CD Projekt Red’s Cyberpunk 2077 may be a testament to making sure games are finished before you release them, but The Witcher 3: Wild Hunt is still a superlative RPG. It follows Geralt of Rivia, a “witcher” (essentially a monster hunter for hire) who’s dragged into political conspiracies and sinister faerie plots as he explores “the Continent”. The writing here is superb; side quests are just as fleshed-out as the main storyline, so you’ll never want to leave The Witcher 3’s world.

14. Final Fantasy VII Remake

Sure, Final Fantasy VII Remake gets exponentially weaker towards its final few hours, but it’s still well worth experiencing. Cloud and company’s original PS1 journey through Midgar is showing its age now, so there’s no better way to experience that part of the saga than to play this jazzed-up remake, which fleshes out the world and adds depth and nuance to many of the characters. The story gets characteristically bananas as it approaches its conclusion, but who knows – you may well dig it.

15. Horizon Zero Dawn

The sequel may suffer from diminishing returns, but Horizon Zero Dawn remains an excellent open-world game, albeit a familiar one. You are Aloy, a warrior setting out on a journey to discover what happened to the world and why it’s now infested with robot dinosaurs and other mechanical creatures. Guerrilla Games has done a great job building and populating the world of Horizon Zero Dawn, and though the exploration is somewhat rote, there’s still lots to find.

16. Persona 5 Royal

Persona 5 Royal is an example of a game where the updated re-release is unquestionably superior to the original title. Royal adds several hours of new content, including a brand new party member and a new Social Link. For the most part, though, it’s still the same hugely compelling JRPG as the original, with more than a hundred hours of light life sim gameplay and effortlessly stylish demon-slaying on offer if you’re into its aesthetic.

17. Doom

In 2016, Id Software rewrote the rulebook for Doom, ushering in a new age of “boomer shooters” that emphasised fast-paced gameplay over sluggish pseudo-tactical modern military boredom. Doom begins with the player character, the Doom Slayer, ripping a computer off the wall when it plays an audio log he doesn’t care to listen to, and that pretty much sets the tone for what follows: an ultra-violent odyssey through abandoned facilities and demonic landscapes.
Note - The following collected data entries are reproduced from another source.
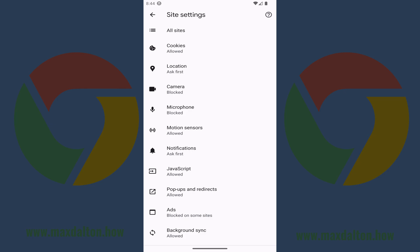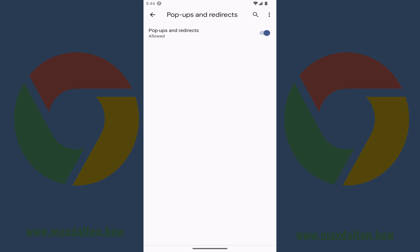Step 4. Tap Pop-ups and Redirects in the list of options. You'll land on the Pop-ups and Redirects screen.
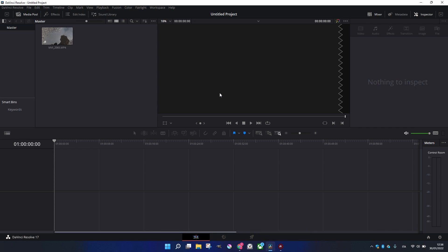Hi everyone, today we're going to see how we can make a project on DaVinci Resolve and set it up correctly.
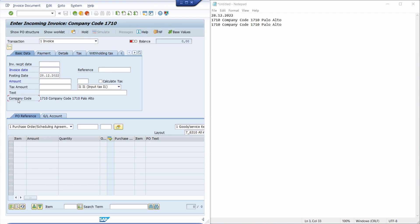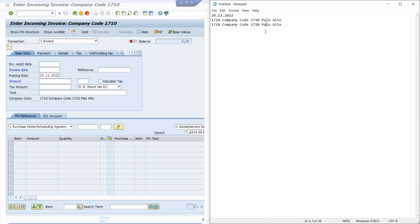I have to use the key combination Control Y, and then we can see that the cursor changes from the regular mouse cursor to a dark cross. Then I can move over to the company code, hit Control C, and then Control V down there — and now I have copied it really easily with the key combination Control Y.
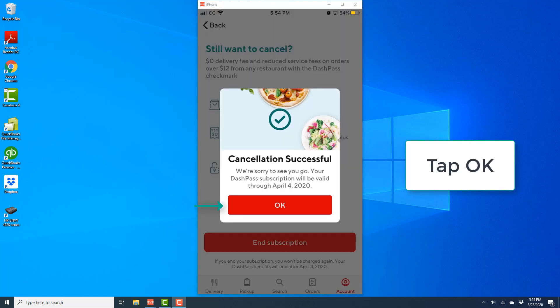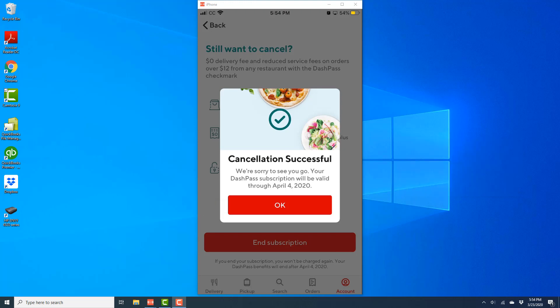And once you tap on End Subscription, on the next screen, you will see a message which says Cancellation Successful. All right, so that's how you cancel DoorDash Dash Pass subscription on your iPhone.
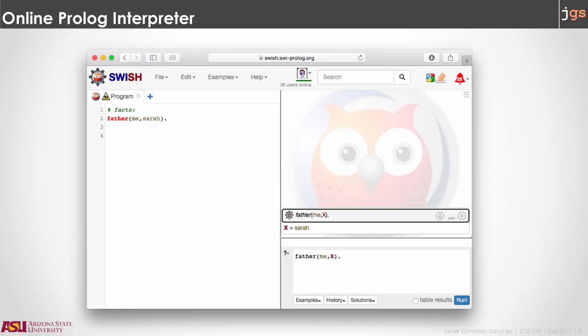Those are the key ideas in Prolog. At this point I recommend you to install the interpreter or go online and use the online version. Read the textbook sections one through five, and start practicing. After that you can go and solve the questions in your quiz.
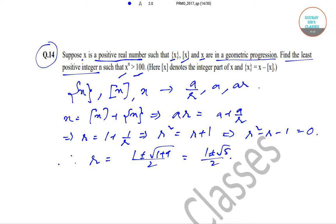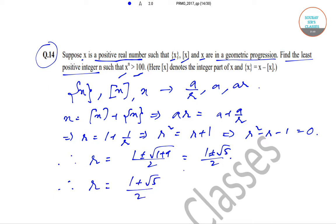If we take r equal to (1 minus √5)/2, that is a negative number, but we know that x is a positive number. So we neglect that value and are left with r equal to (1 + √5)/2, since r must be greater than 0.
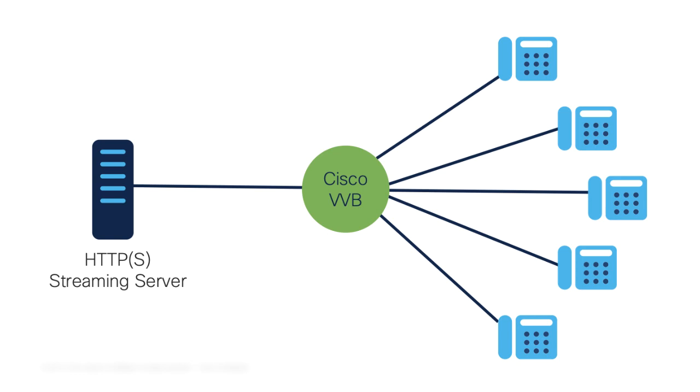In Cisco VVB, the support started in release 12.5 via HTTP HTTPS, and not via RTSP. VVB creates a single connection with the streaming server and broadcasts the audio to all the callers who are connected while waiting for the call to be answered by an agent.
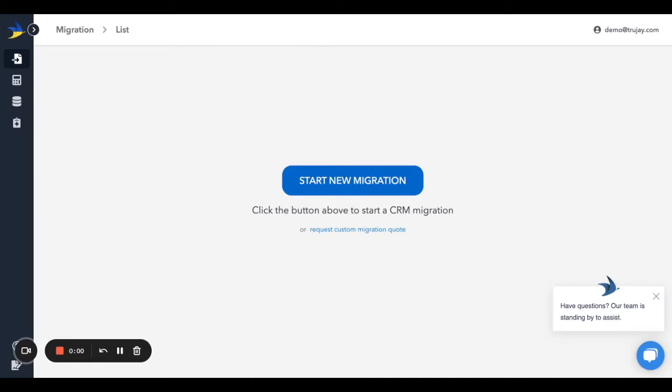Welcome to TrueJ, a user-friendly CRM migration platform. After navigating to app.truej.com to begin your project, you'll be asked to register, which is as easy as using Google or by entering an email address and password. Once you're in the system, you'll click on Start New Migration to launch the Migration Wizard.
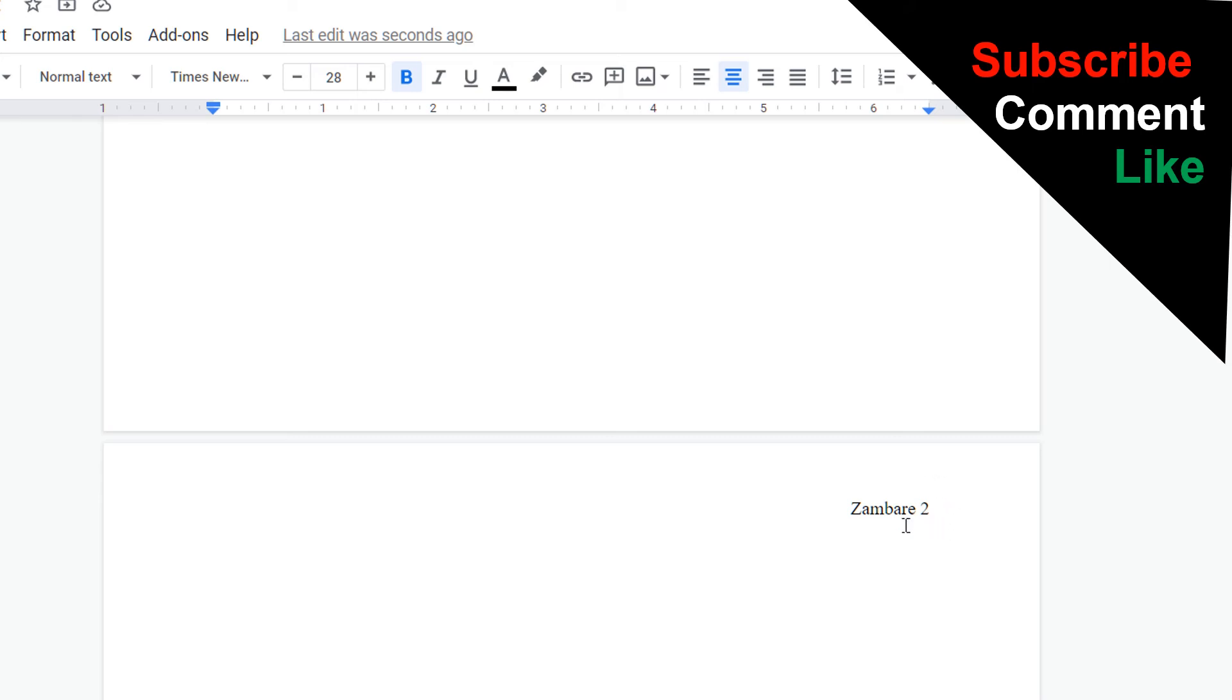Now watch this video that shows you how to number pages starting from page 2.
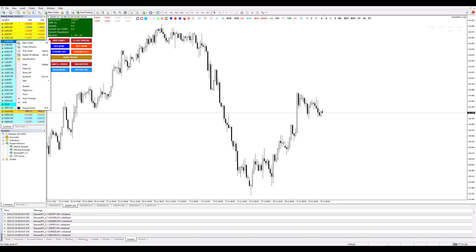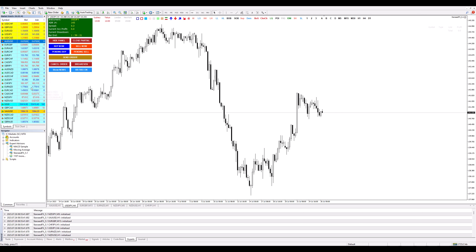Step 4: From the drop-down menu, select spreads. It's like ordering your favorite side dish at a restaurant. And just like that, spreads are now visible on your Meta Trader 4. It's as magical as pulling a rabbit out of a hat, without any actual rabbits involved, of course.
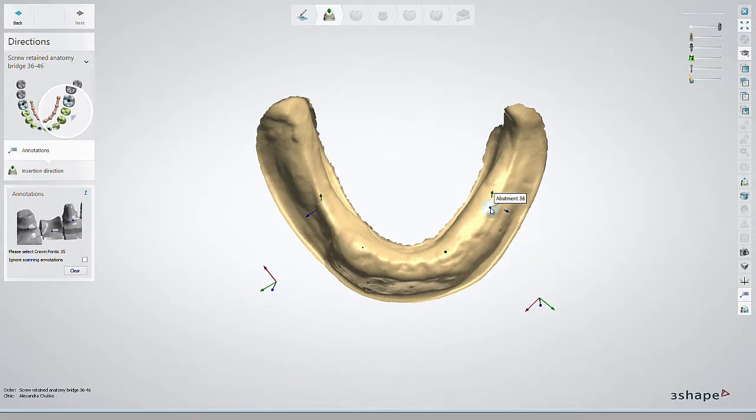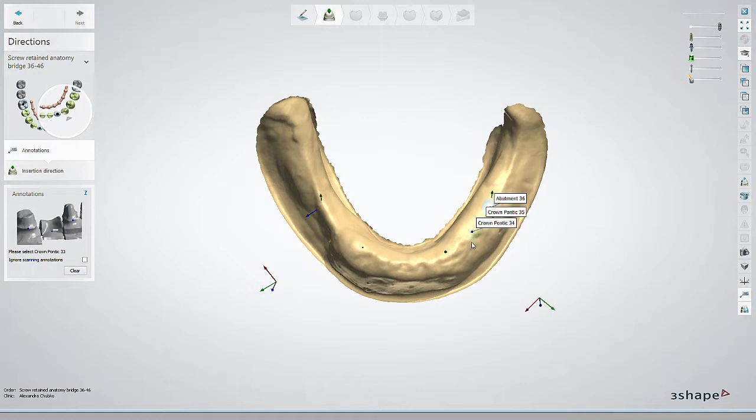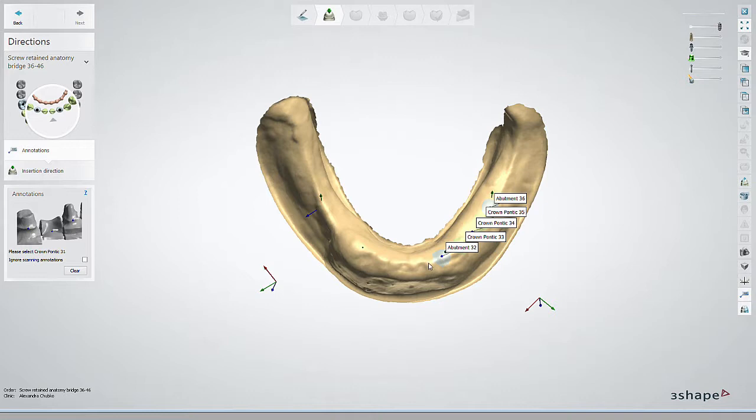You've now learned how to export and use a gingiva scan with implant information from Implant Studio to design prosthetics for an edentulous case. Thank you for watching.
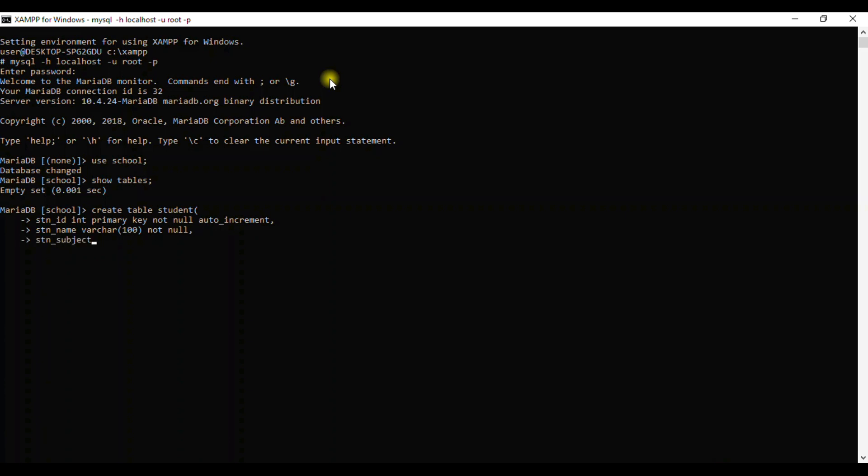Say NOT NULL, still the same thing. We may go on and proceed. Maybe we need to give the fees as VARCHAR, give it as maybe 100, we say NOT NULL from there.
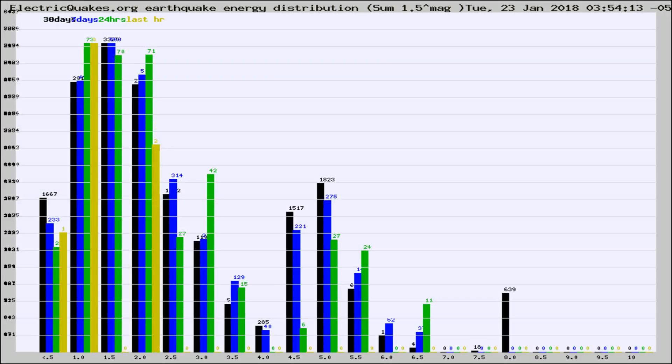Different colored columns are for 30 days, 7 days, 24 hours, and the last hour.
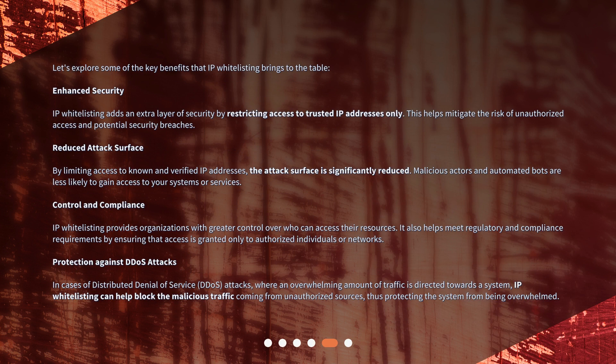Let's explore some of the key benefits that IP whitelisting brings to the table. Enhanced security: IP whitelisting adds an extra layer of security by restricting access to trusted IP addresses only, helping mitigate the risk of unauthorized access and potential security breaches. Reduced attack surface: by limiting access to known and verified IP addresses, the attack surface is significantly reduced, making malicious actors and automated bots less likely to gain access to your systems or services.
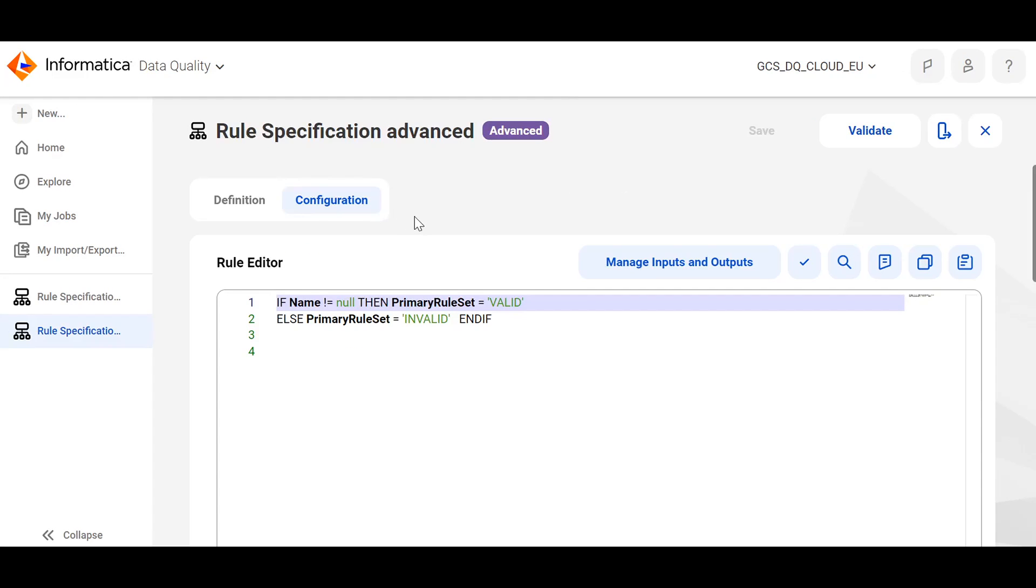Coming to the configuration part. If you see, the same logic is being converted into the if-else statement, which says,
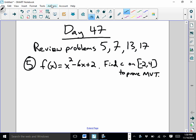Problem 5 says f of x equals x squared minus 6x plus 2. Find the c value that proves the mean value theorem on the interval negative 2 to 4. The first thing we know is mean value theorem has a very important equation that goes with it. We can use the mean value theorem anytime a function is differentiable. x squared minus 6x plus 2 is obviously differentiable — it's a quadratic, nice and smooth and connected. The formula for MVT says that f prime of c equals f of b minus f of a over b minus a.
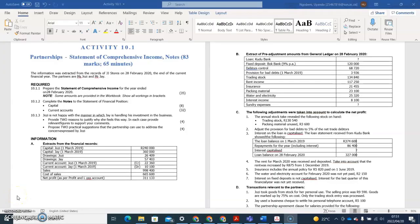Hello, congratulations for reaching Module 10. This is the first activity in Module 10 — Activity 10.1. Hopefully it will assist you in making sense of all the work. We're still on partnerships, but now we're focusing on the statement of comprehensive income specifically. The requirements include not just the income statement but also the capital account, the current account, and extra questions.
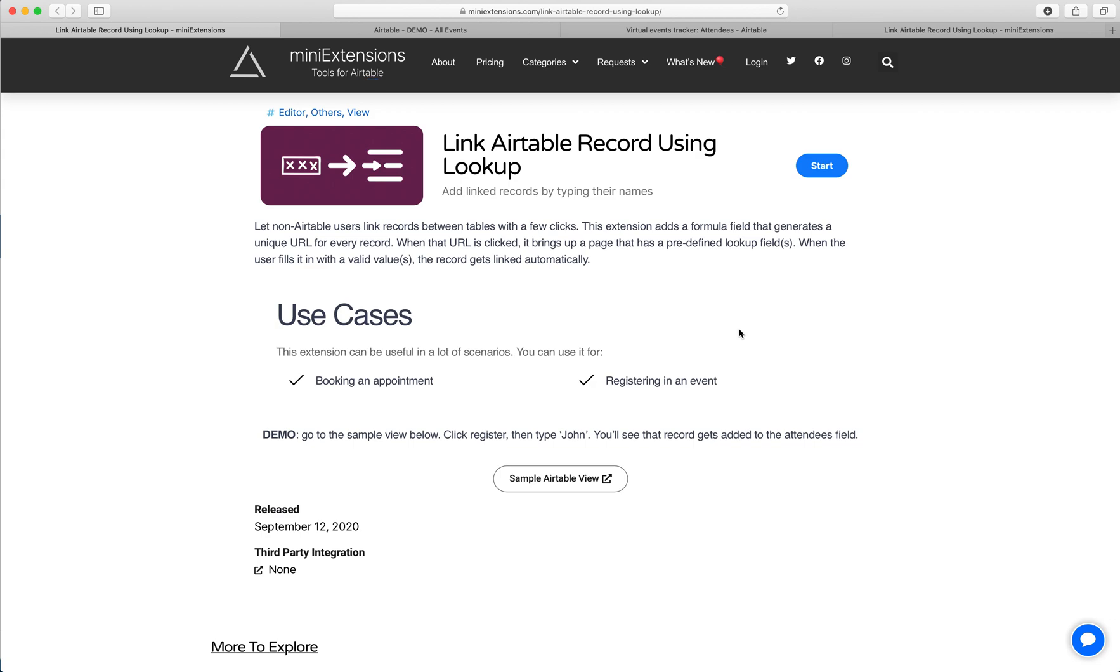I'm going to show you how you can link Airtable records using a lookup. I'll be using this tool by many extensions.com.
18. Wolfenstein: The New Order

MachineGames proved themselves more than worthy successors to the Wolfenstein franchise with 2014’s The New Order. Protagonist B.J. Blazkowicz is worn down and tired at the game’s outset, but he must still answer the call and rise up to battle the Nazi war machine, which has beaten the rest of Europe in this alternate-history setting. The shooting here is tight and focused, the stealth is tense, and the level design is sprawling, but the narrative is the real star of the show.

19. Death Stranding

Hideo Kojima is a man you either love or hate, and chances are you already know which side of the fence you sit on. Death Stranding isn’t going to do anything to convert those who aren’t part of the Kojima faithful, but for those who love his work, it contains all the usual hallmarks of his auteur touch; pseudo-philosophical rambling, a huge amount of attention to detail, and genuinely startling creativity. It’s a sort of walking simulator-done-right, but it defies description, so play it if you love Metal Gear.

20. Undertale

It was difficult to envision a console release for Undertale when the game first arrived on PC back in 2015, but Toby Fox and company managed to pull it off. Undertale’s emotional punch and sense of humour arrive on the PS4 fully intact, so if you can’t play this one on PC for whatever reason, it’s still a great game on PlayStation. We don’t want to say too much about Undertale, for doing so would give away its many surprises, so we’ll just say that if you like games with lots of heart, you should play this one.